(Supplied data)
☆ ☆ ☆

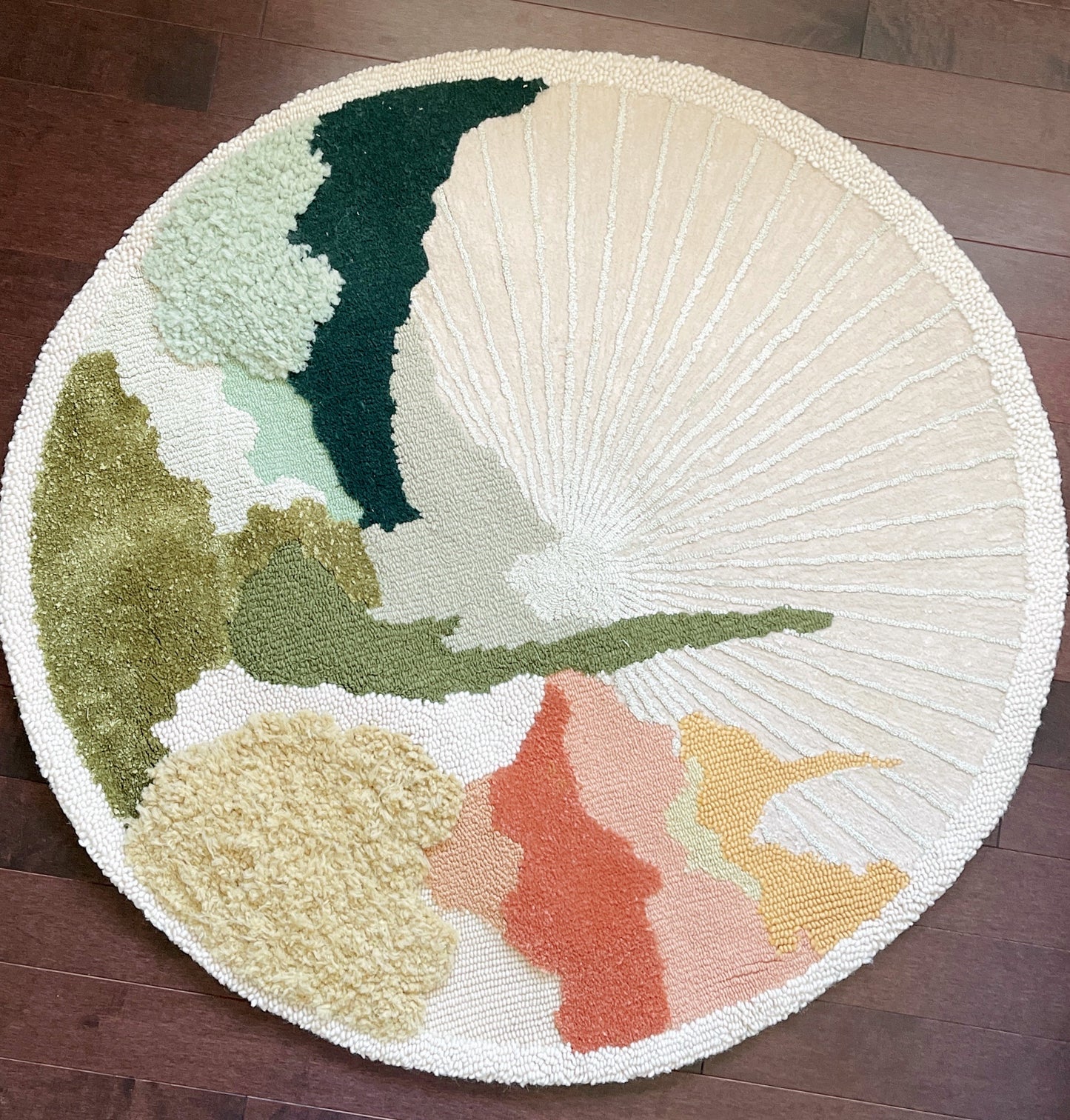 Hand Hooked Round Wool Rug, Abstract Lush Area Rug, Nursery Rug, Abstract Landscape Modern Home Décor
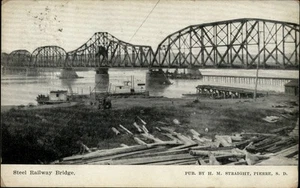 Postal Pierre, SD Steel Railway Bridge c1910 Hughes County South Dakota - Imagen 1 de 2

☆ ☆ ☆

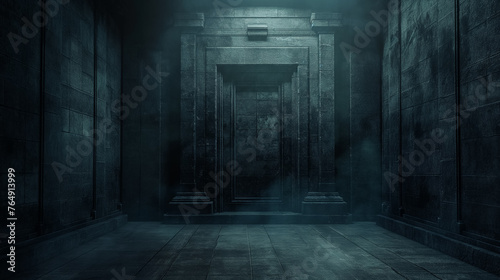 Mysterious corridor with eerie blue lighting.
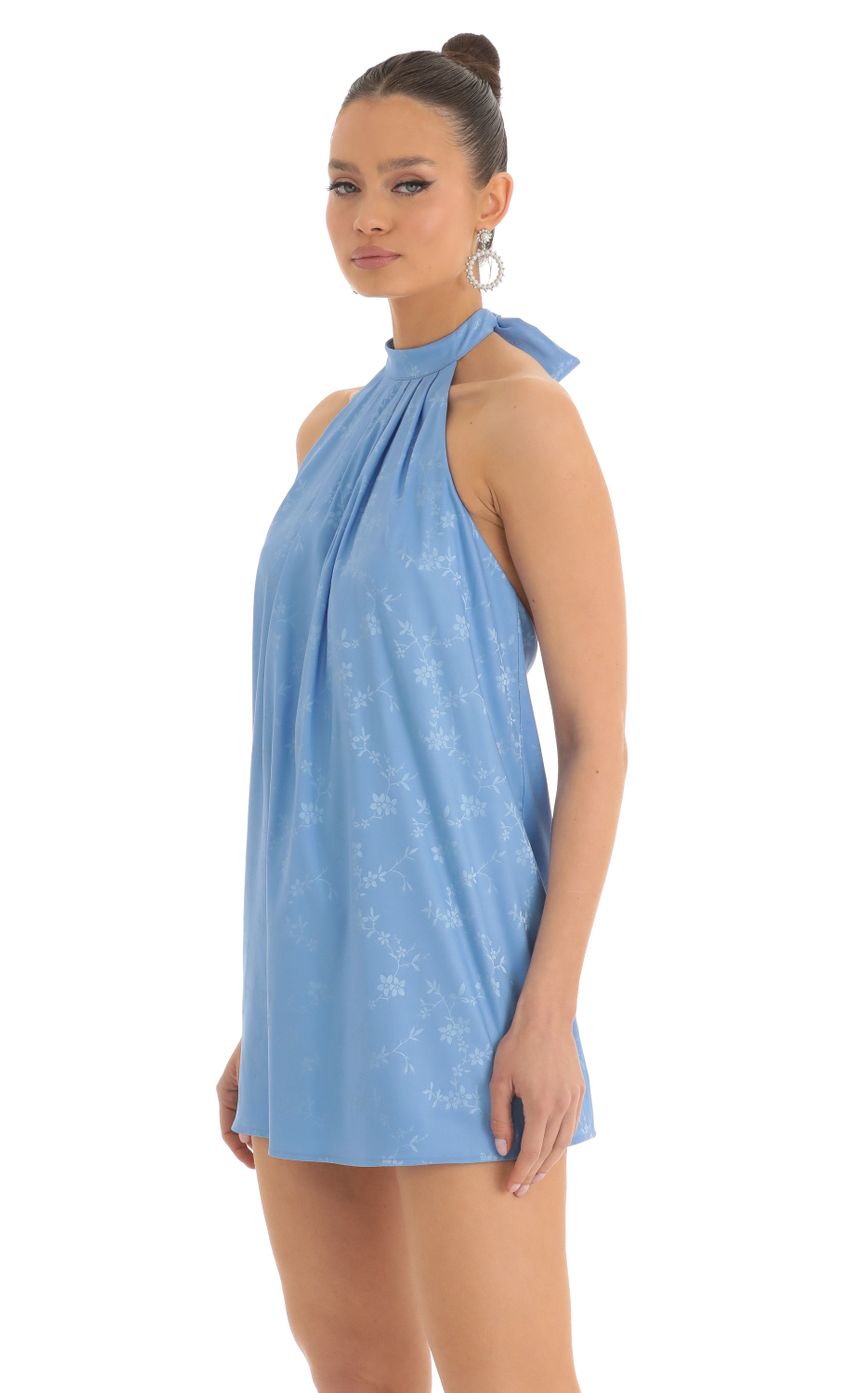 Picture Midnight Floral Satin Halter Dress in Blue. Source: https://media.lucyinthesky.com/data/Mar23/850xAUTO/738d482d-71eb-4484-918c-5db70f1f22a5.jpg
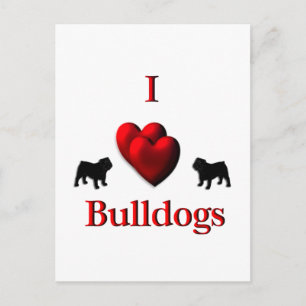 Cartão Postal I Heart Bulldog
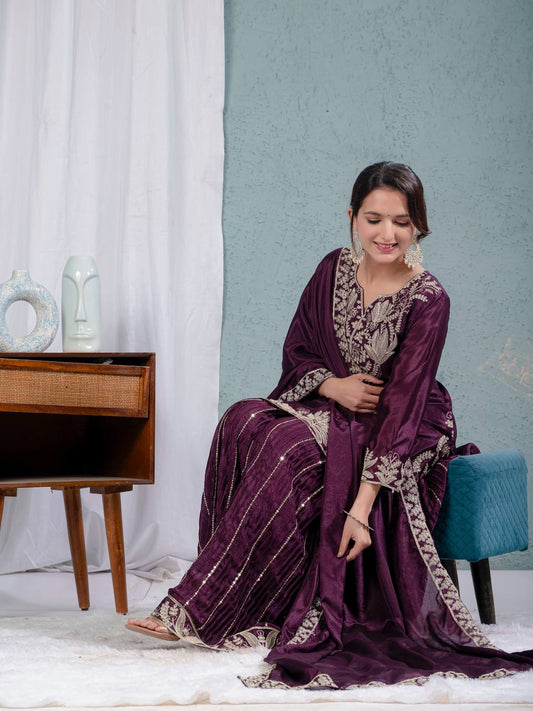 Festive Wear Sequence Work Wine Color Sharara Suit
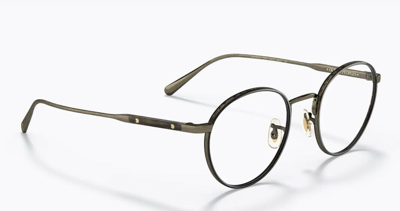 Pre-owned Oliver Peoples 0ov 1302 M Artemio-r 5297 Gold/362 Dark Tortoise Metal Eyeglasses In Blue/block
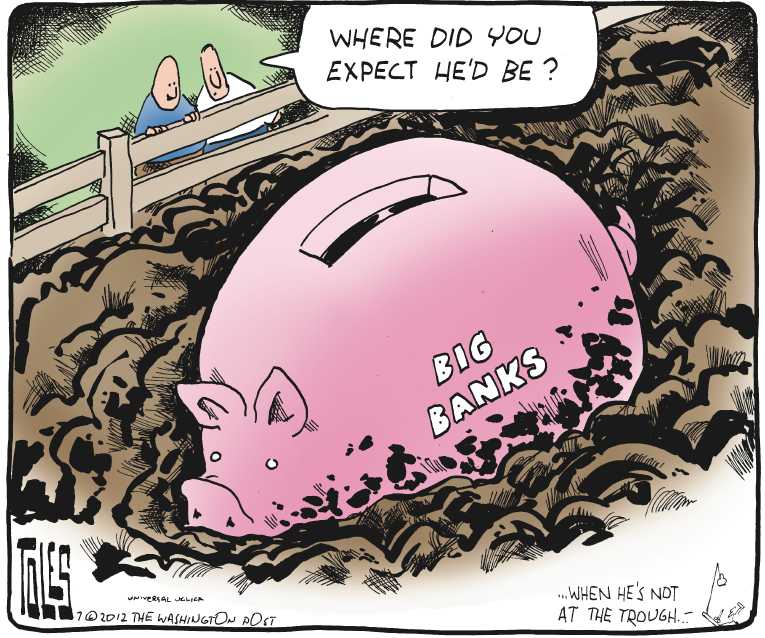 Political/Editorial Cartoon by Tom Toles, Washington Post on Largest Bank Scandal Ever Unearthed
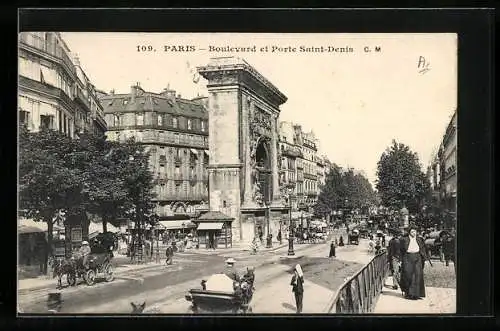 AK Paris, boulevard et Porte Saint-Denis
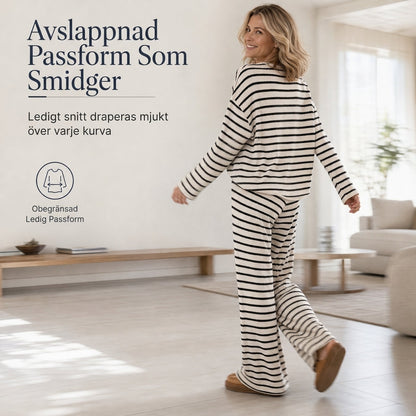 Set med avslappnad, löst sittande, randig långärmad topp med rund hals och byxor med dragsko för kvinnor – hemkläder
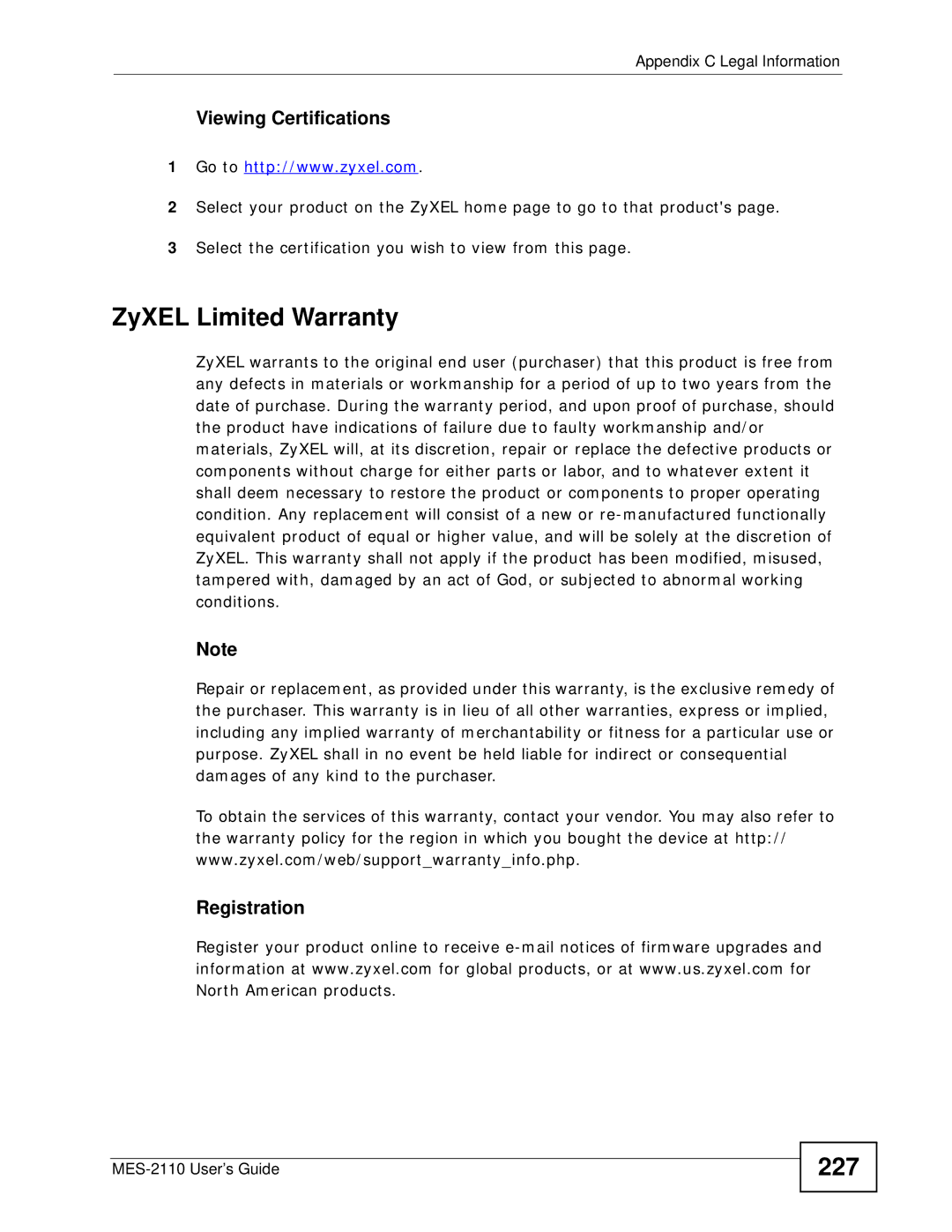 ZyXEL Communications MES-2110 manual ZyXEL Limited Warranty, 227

☆ ☆ ☆

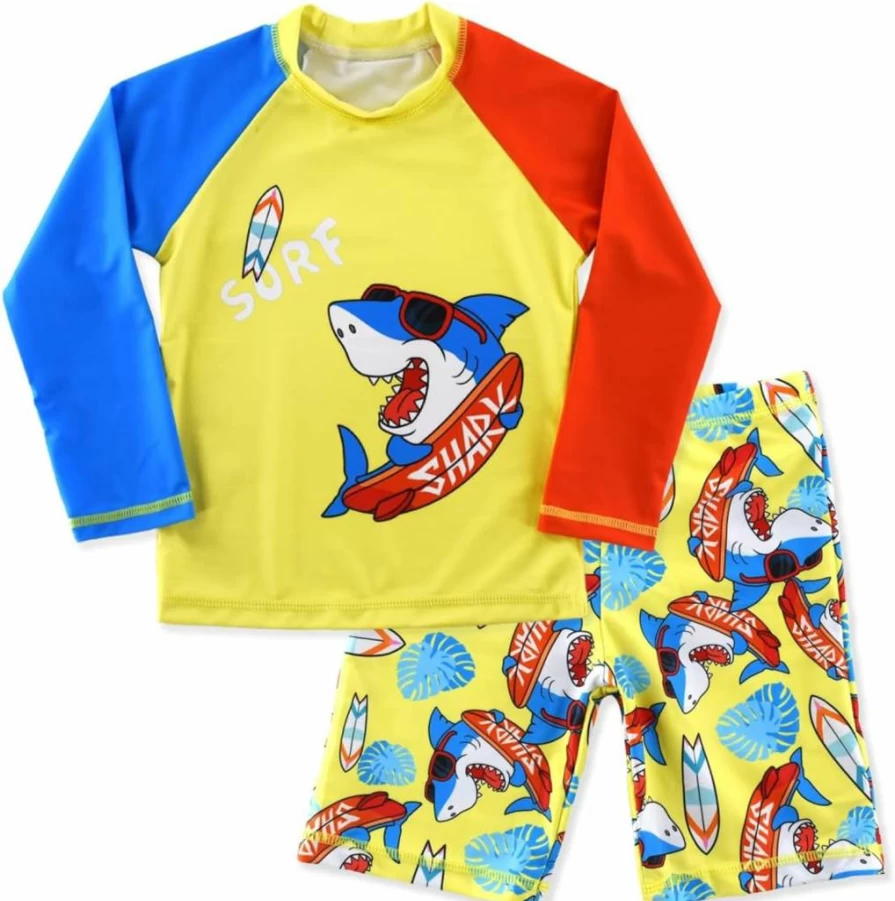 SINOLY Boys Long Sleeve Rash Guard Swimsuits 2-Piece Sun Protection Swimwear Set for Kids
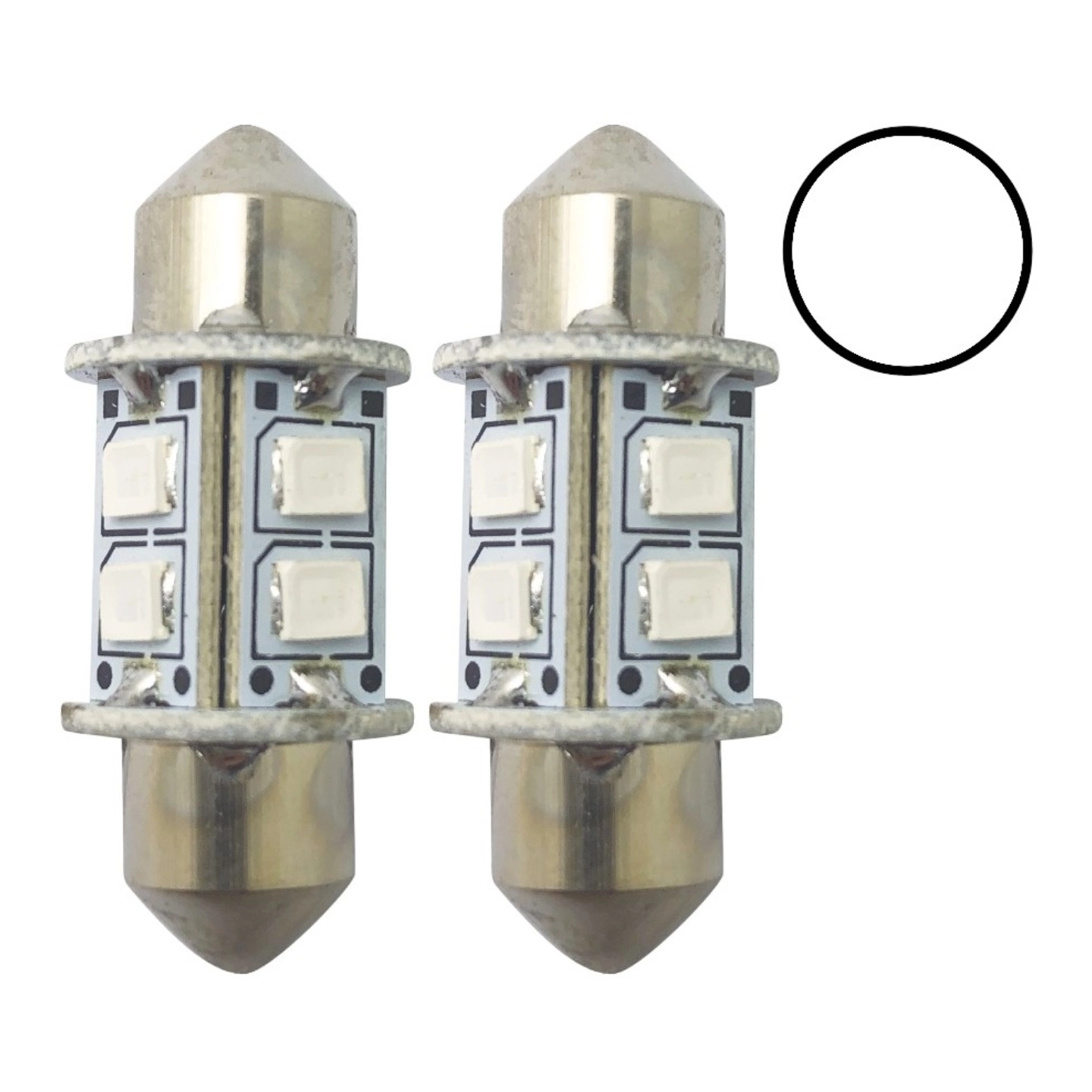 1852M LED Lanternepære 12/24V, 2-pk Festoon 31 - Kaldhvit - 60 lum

☆ ☆ ☆

(What the task asks)
Start with the line with "Set med avslappnad, löst" in the listing above and stop after the line with "ZyXEL Communications MES-2110". Write out exactly the lines in that stretch and no others, without pictures.

(Response to the exercise)
 Set med avslappnad, löst sittande, randig långärmad topp med rund hals och byxor med dragsko för kvinnor – hemkläder
 ZyXEL Communications MES-2110 manual ZyXEL Limited Warranty, 227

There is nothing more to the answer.